┌─ GIVEN INFORMATION

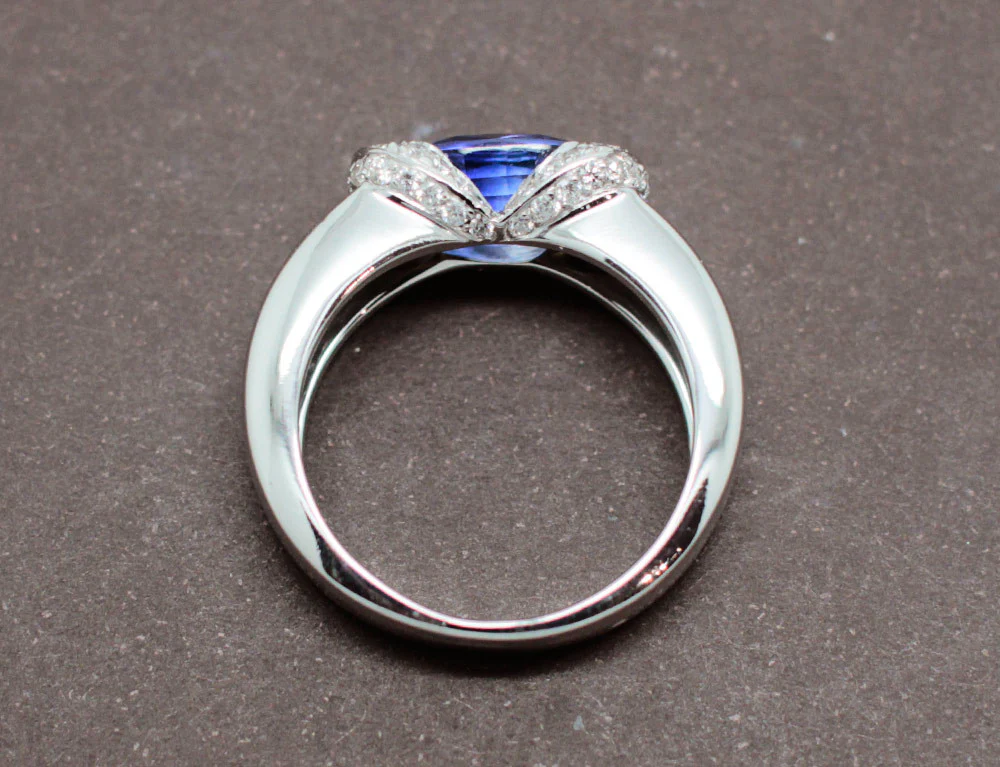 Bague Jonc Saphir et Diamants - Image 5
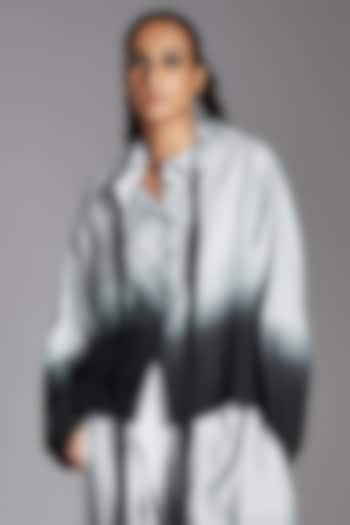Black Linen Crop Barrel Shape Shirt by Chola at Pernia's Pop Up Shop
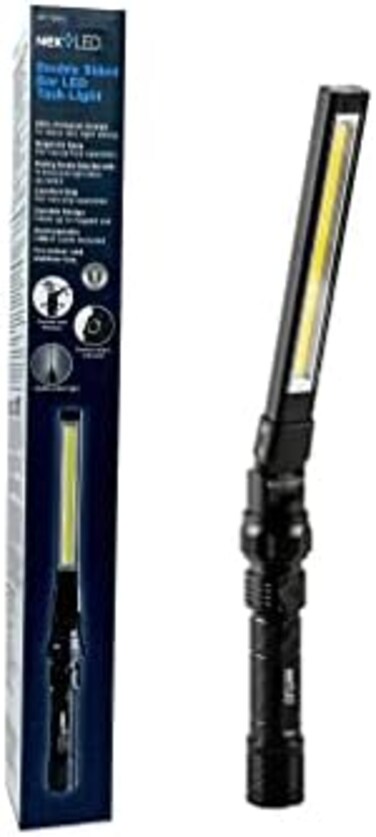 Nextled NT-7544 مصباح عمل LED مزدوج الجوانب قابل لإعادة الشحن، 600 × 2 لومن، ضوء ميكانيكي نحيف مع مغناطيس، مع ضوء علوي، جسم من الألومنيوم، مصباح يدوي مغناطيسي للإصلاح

└─

EXERCISE —
What is needed is an exact repetition of every line from the line with "Black Linen Crop" to the end of the data above, both ends included, with no pictures.

SOLUTION FOR THIS TASK —
Black Linen Crop Barrel Shape Shirt by Chola at Pernia's Pop Up Shop
 Nextled NT-7544 مصباح عمل LED مزدوج الجوانب قابل لإعادة الشحن، 600 × 2 لومن، ضوء ميكانيكي نحيف مع مغناطيس، مع ضوء علوي، جسم من الألومنيوم، مصباح يدوي مغناطيسي للإصلاح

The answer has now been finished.